Swiber is likely to repay the S$ 80 million perpetual security on 25 Sept 2015 (they have started buying from the open market). Therefore, if the company don't generate any free cash flow or get additional loans from the bank, the cash level for Swiber will dwindle down to USD 60 million.
Next year, Swiber will have 3 bonds with a total principal amount of SGD 305 million to be redeemed upon maturity. It is highly unlikely that Swiber will be able to repay the bonds with its current cash level. What alternatives are available?
http://www.sgx.com/wps/portal/sgxweb/home/listings/listing-debt-securities/evaluated-bond-prices
1) Issue another bond - With the yield to maturity at more than 30% (look at the column - Evaluated Bid Yield) for most of its bonds, Swiber is effectively shut out of the bond market. Swiber will need to offer a bond yield of close to 30% for its new bond issuance, else an investor will be better off to invest in the current bonds which offers higher yield and shorter maturity (lower default risk).
2) Raise equity - Swiber has a current market capitalisation of SGD 136 million. At the current huge discount to book value, a rights issue will only destroy more shareholder value. It is highly probable that Swiber will do another rights issues or share placement, but the amount of equity that can be raised will be highly limited.

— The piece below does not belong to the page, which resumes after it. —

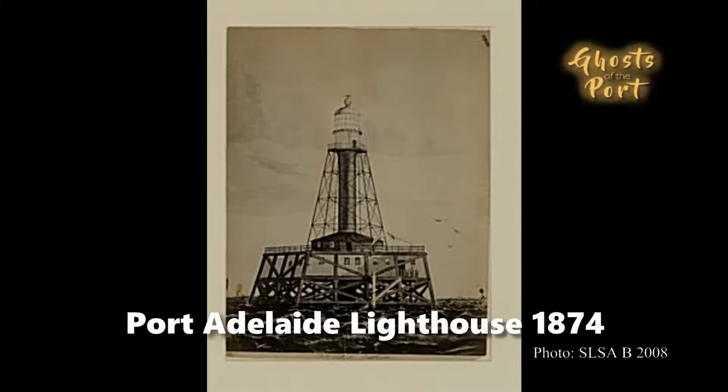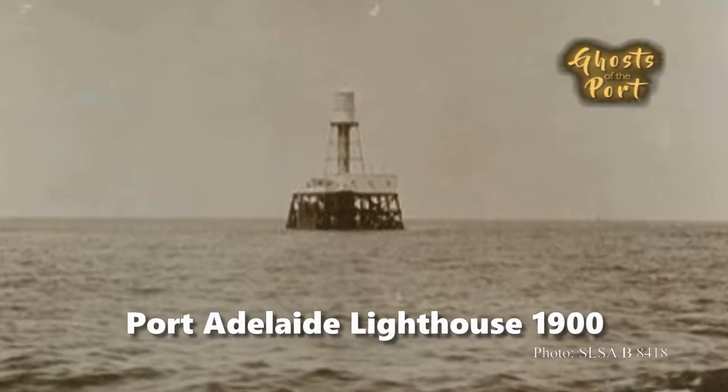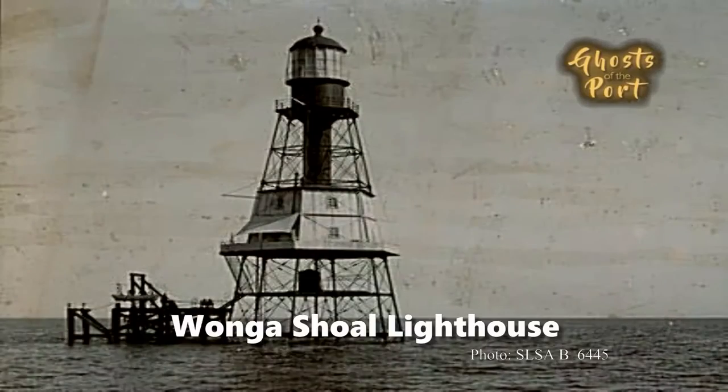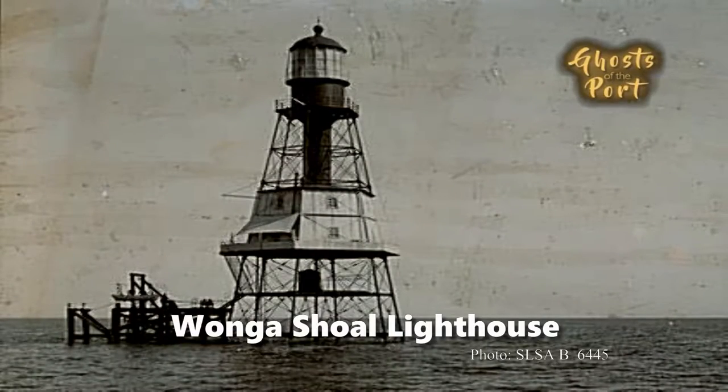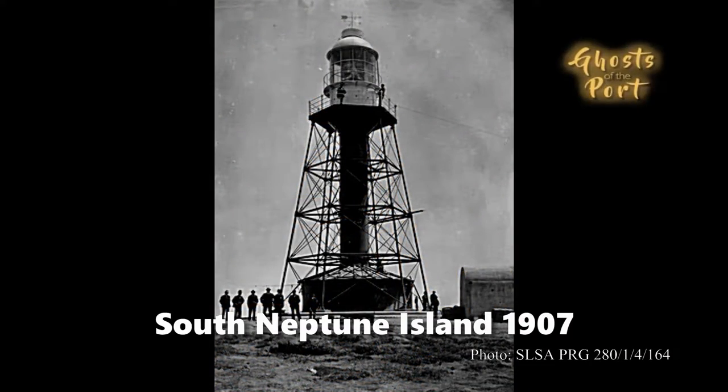Originally it was situated closer to the mouth of the Port River and was first lit in 1869, but later dismantled. Its parts were then used in other lighthouses. The original lantern was moved to Wonga Shoal but was later destroyed in an accident. The tower was moved in 1901 to South Neptune Island where it remained in service until 1985.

3) Sell assets - Swiber has USD 748 million of PPE as of 31 Dec 2014. However, USD 241 million of it is finance lease, which means Swiber don't have ownership of the assets. In addition, Swiber has pledged USD 221 million of assets for bank borrowings. These assets are secured and will be difficult for Swiber to sell (or if sales happen, likely that money will be used to repay the secured loan). This leaves the company with USD 286 million of PPE that can be sold. With the current downturn in O&G industry and the lower charter rates, Swiber will have to sell the remaining salable assets at a discount to its carrying value.
4) Collect trade receivables - Swiber has current trade receivables of USD 443 million, other receivables of USD 377 million. Of the trade receivables , USD 76 million arise from "unbilled receivables arising from variation claims on construction contracts submitted to customers amounting to US$76,447,000". The sum is unbilled and arising from variation claims does not sound good. In addition, 1 debtor represents 50% of the trade receivables in FY 2013 and FY 2014. Who is this debtor and does the debtor has the ability to pay the receivables? There might be a need for further impairment.

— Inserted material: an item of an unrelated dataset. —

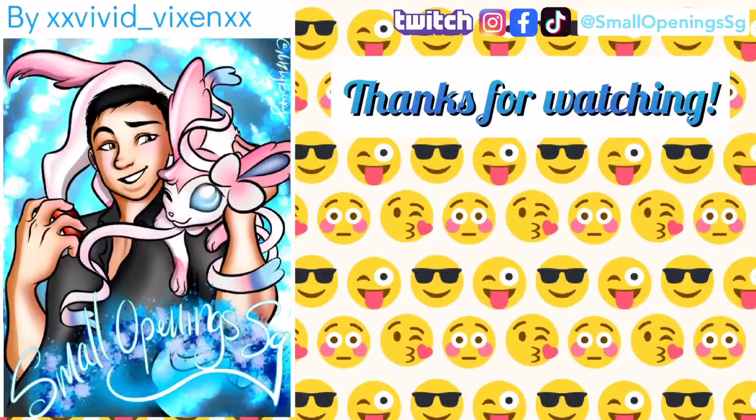That's it for my video for today. I'll see you in our next video very soon, guys. If you like our video, please remember to click on the like button and subscribe to our channel. Thank you. Bye.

As for the other receivables, USD 75 million are capitalised vessel cost which is capitalised expense that is more like prepaid expenses. The rest are mostly receivables and loans from joint venture and associates. The bulk of the other receivables are likely to be in its 27% owned Vallianz Holding. However, if one take a look at the balance sheet of Vallianz, it is doubtful how Vallianz will be able to repay the loans.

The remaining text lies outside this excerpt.